Caer de espaldas

Foto: Carlos Melián Moreno

Caer de espaldas

11 / mayo / 2016

Existe un punto de fuga en el comportamiento humano al que llaman Síndrome de Estocolmo: el secuestrado se identifica con el secuestrador.

Pocos episodios son tan significativos como viajar en ómnibus desde Santiago de Cuba hacia La Habana en medio de un Congreso del Partido Comunista de Cuba. Mucho más si vas en lista de espera, o si te toca el peor asiento. Comienzas a leer contrastes, símbolos, en todas partes.

Los delegados al Congreso son imposibles de oír por el ruido del salón de espera de la Sénen Casas, así que sigues con más interés los gestos, su seguridad arquetípica ante el micrófono. Sea el que sea el discurso de éste o aquél, puedes imaginar de qué van. Cada delegado, sin sonido, encarna el drama de un hombre extremadamente solo. Comprendes que se nace ser delegado a congresos. Un delegado nace redondo.

El soporífero ambiente de la Terminal contradice el coraje redondo y climatizado de los oradores del Palacio de Convenciones. Los empleados de la Lista de Espera pasillean para que alguien los llame, y no hay tanto coraje en ellos como sí algo profundo y vital en aferrarse a la cosecha ilícita de la semana de receso. Los pasajes de última hora se consiguen como mínimo a cinco cuc, de esos, les tocarán dos con mucha suerte.

Unos sujetos merodeadores anuncian, a toda voz, una guagua estatal a La Habana con aire acondicionado por 12 CUC. En el TV la periodista que hace los pases al noticiero, entrevista a otro delegado muy seguro y confiado en el nuevo plan de perfeccionamiento de la sociedad. El corolario de la escena es un policía: a sabiendas que no le cobrarán, se lanza a la carrera con su pesado maletín rumbo a la guagua ilícita. Verlo sumergirse en la ilegalidad, así, frente a un congreso del PCC, equivale a uno de esos sueños en que por más que corres huyéndole al gato, no avanzas.

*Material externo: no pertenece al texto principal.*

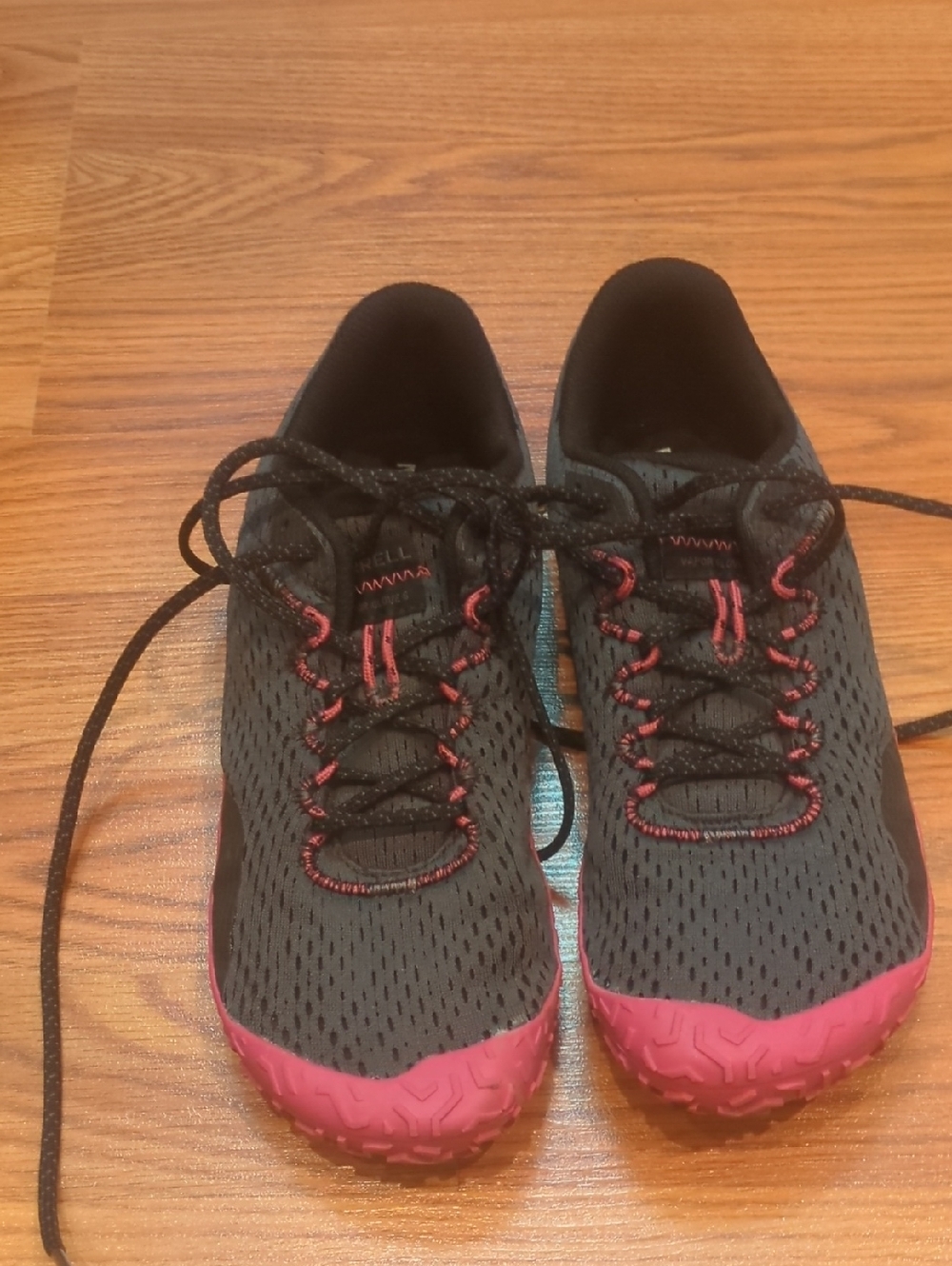 Merrell Women’s Vapor Glove 6 Size 9 Trail Barefoot Sneakers Fuchsia J067722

No sabría decir por qué no monto, si por caro, o porque siempre he creído que estas guaguas desaparecen en un punto de la ruta sin llegar jamás a su destino.

Doce horas después logro subir a un ómnibus. Cientos de veces he sobrellevado la tortuosa penúltima fila, pero esta vez mis piernas simplemente deciden no estar a la altura política de siempre, o sea, no entran. Las saco al pasillo, e intento dormir de lado. Me esfuerzo durante un par de horas; el señor de delante reclina su asiento y me coloca el espaldar a cinco centímetros del pecho, ok, me salgo y viajo de pié. Entonces me asalta una duda: ¿por qué?

Cuando regalas algo en exceso corres el riesgo de no ser apreciado. No podía regalarles estar 15 horas de viaje en estas condiciones, ¿quién lo apreciaría?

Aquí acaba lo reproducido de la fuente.